In this study (83-3 under GLP), the test substance was tested for its embryotoxic, fetotoxic, and teratogenic potential in rabbits. Test article was suspended in 0.5% (w/v) aqueous methyl cellulose vehicle and administered by gastric intubation as a single dose daily during the Day 7-19 gestation interval. Dose levels evaluated were 5, 10 and 20 mg/kg bw/day. Each test group contained 20 mated female New Zealand White rabbits. Included in the study was a vehicle-treated control group which also contained 20 mated females. All animals were observed twice daily (morning, afternoon) for obvious toxicological effects and mortality. Each animal was weighed and given a detailed physical examination on Days 0, 3, 7, 10, 13, 16, 19, 24 and 30 of gestation. Food consumption was recorded on Days 1 , 3, 7, 10, 13, 16, 19, 24 and 29 of gestation. Animals aborting or delivering prematurely were killed on the day such evidence was observed and given a gross postmortem evaluation. Intact pups/fetuses recovered from females that delivered prematurely (Days 26-30 of gestation) were evaluated for external malformations, eviscerated (gross evaluation of viscera) and evaluated for skeletal malformations following processing for Alizarin Red S staining of the ossified structures. Surviving females were killed on Day 30 of gestation and given a gross postmortem examination. The gravid uterus was removed, weighed and evaluated for the presence of live, dead and resorbed fetuses. Fetuses recovered in utero were weighed and given a gross external examination. Subsequently, each fetus was processed for visceral evaluation (fresh microdissection procedure ) and skeletal evaluation (Alizarin Red S stained specimens). The number of corpora lutea on each ovary was also recorded for each female.

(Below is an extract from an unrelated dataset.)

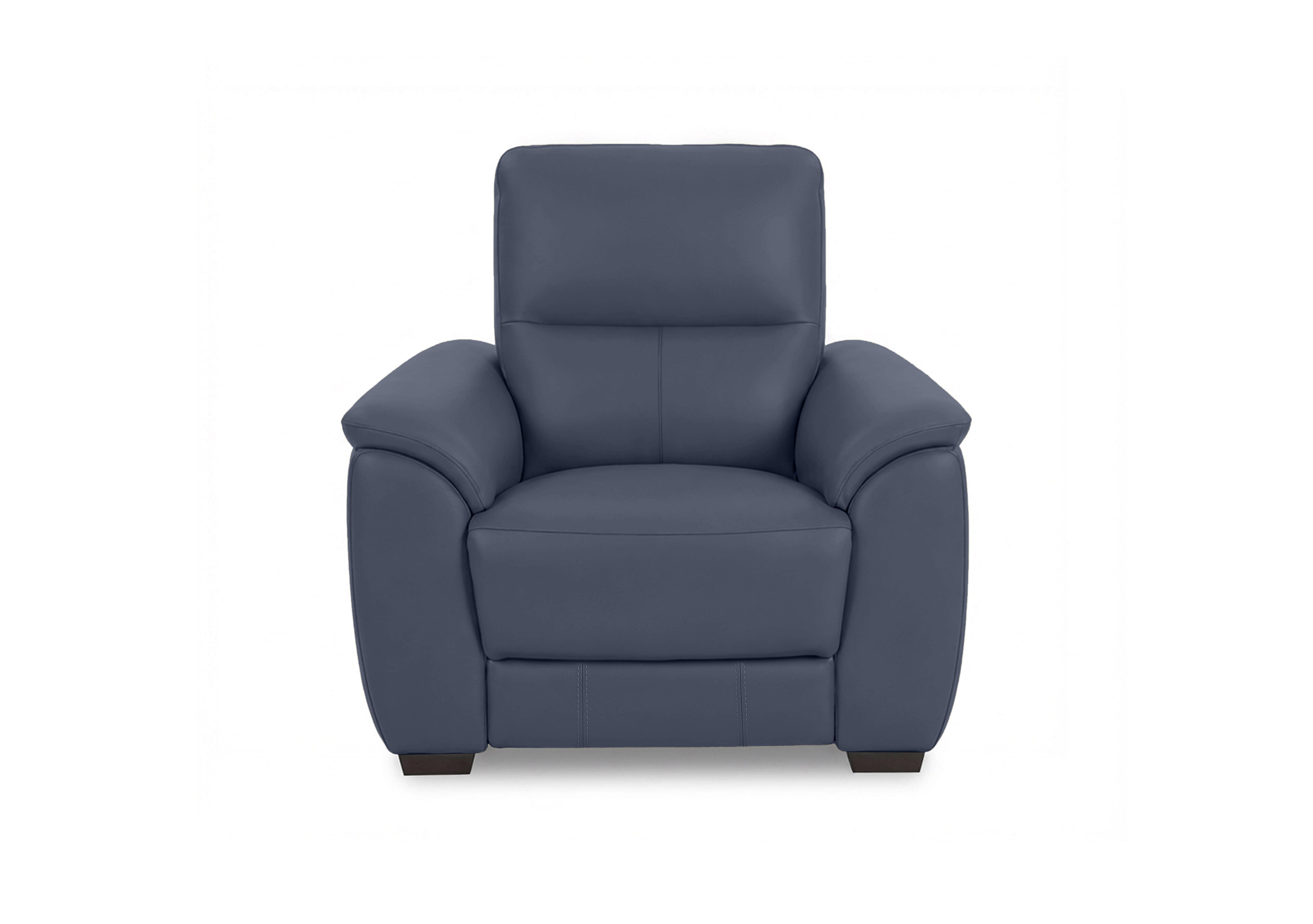 Saffron Leather Chair in Bv-313e Ocean Blue on Furniture Village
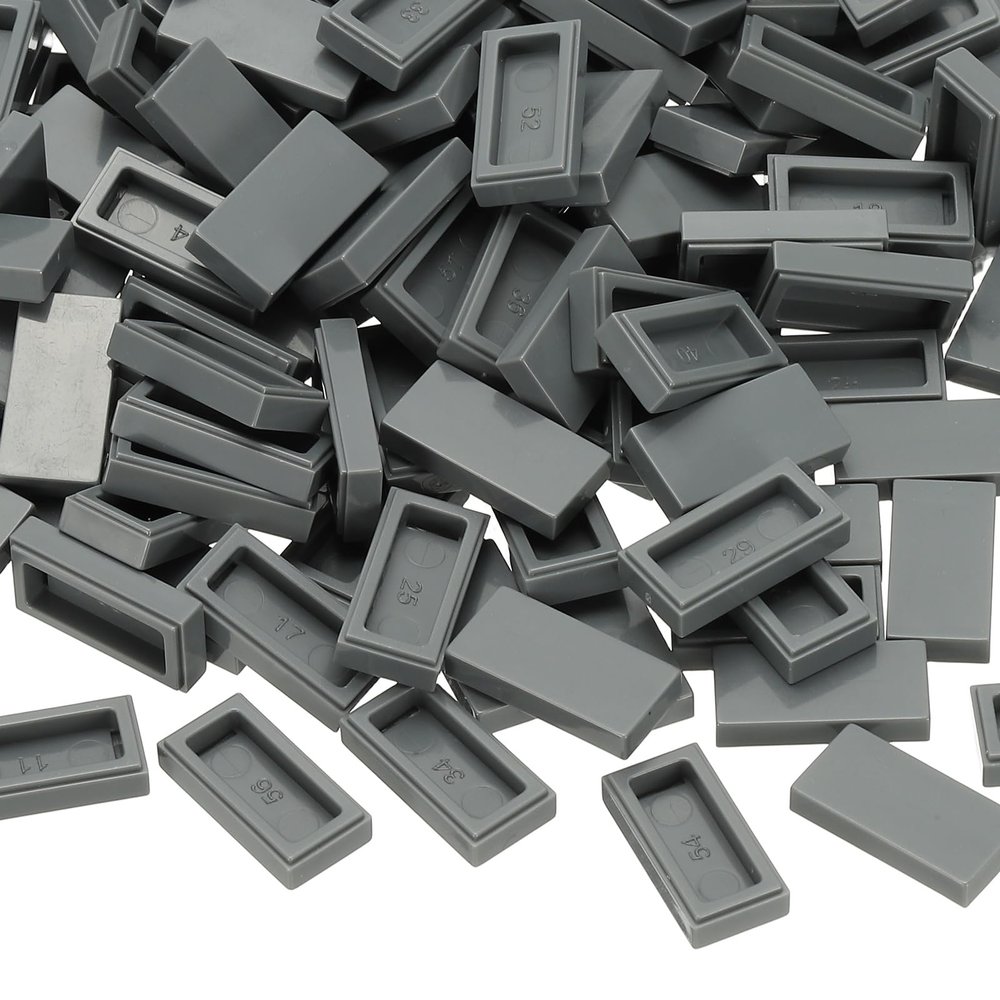 PATIKIL 370 Pcs Flat Blocks Bulk, 1x2 Square Dark Gray Classic Tiles Smooth Surface Mini Building Blocks Accessories Compatible Bricks Kits for Building Floor Walls Mosaic Pixel Arts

No mortality occurred in the control or low-dose group. In the control group, two females delivered prematurely and the remaining 18 females survived to scheduled sacrifice on Day 30 of gestation. In the low-dose group (5 mg/kg/day), one female delivered prematurely and the remaining 19 females survived to Day 30 scheduled sacrifice. The pregnancy rate for the control and low-dose group was 100%. No maternal toxic, embryotoxic, fetotoxic or teratogenic effects were evident at the 5 mg/kg bw/day dose level. In the 10 mg/kg bw/day dose group, one female died on Day 10 of gestation after receiving three days of treatment. At gross postmortem examination, this female was noted with fluid in the lungs and frothy fluid in the trachea, both findings are suggestive of a pulmonary oedema which may or may not have resulted from an intubation error. Two mid-dose females delivered prematurely and the remaining 17 females in this group survived to Day 30 scheduled sacrifice. Pregnancy rate for the mid-dose group was 100%. The 10 mg/kg bw/day dose level was not considered to be maternally toxic, embryotoxic, fetotoxic or teratogenic. In the 20 mg/ kg/day dose group, one pregnant female died, one female delivered prematurely and the remaining 18 females survived to scheduled sacrifice. Seventeen of these eighteen high-dose females were pregnant as evidenced by the presence of uterine implantation sites (pregnancy rate = 95%). One high-dose female died on Day 13 of gestation after six days of treatment. The cause of death of this female could not be determined on the basis of postmortem findings. High-dose females experienced a mean weight loss during the treatment period (Days 7-19) in comparison to a mean weight gain in the control group over this same interval and these data differed statistically between these two groups. Mean food consumption for the high-dose group during the treatment period (Days 7, 10, 13, 16 and 19) was also lower than control data; however, only on Day 7 was this difference from control statistically significant. No other maternal toxicity was evident at the 20 mg/ kg/day dose level and this dose level was not considered to be embryotoxic, fetotoxic or teratogenic.

In conclusion, the NOAEL for maternal toxicity is 10 mg/kg bw/day based on reduced food consumption and lowered body weight (gain) and for developmental toxicity 20 mg/kg bw/day based on the absence of adverse effects.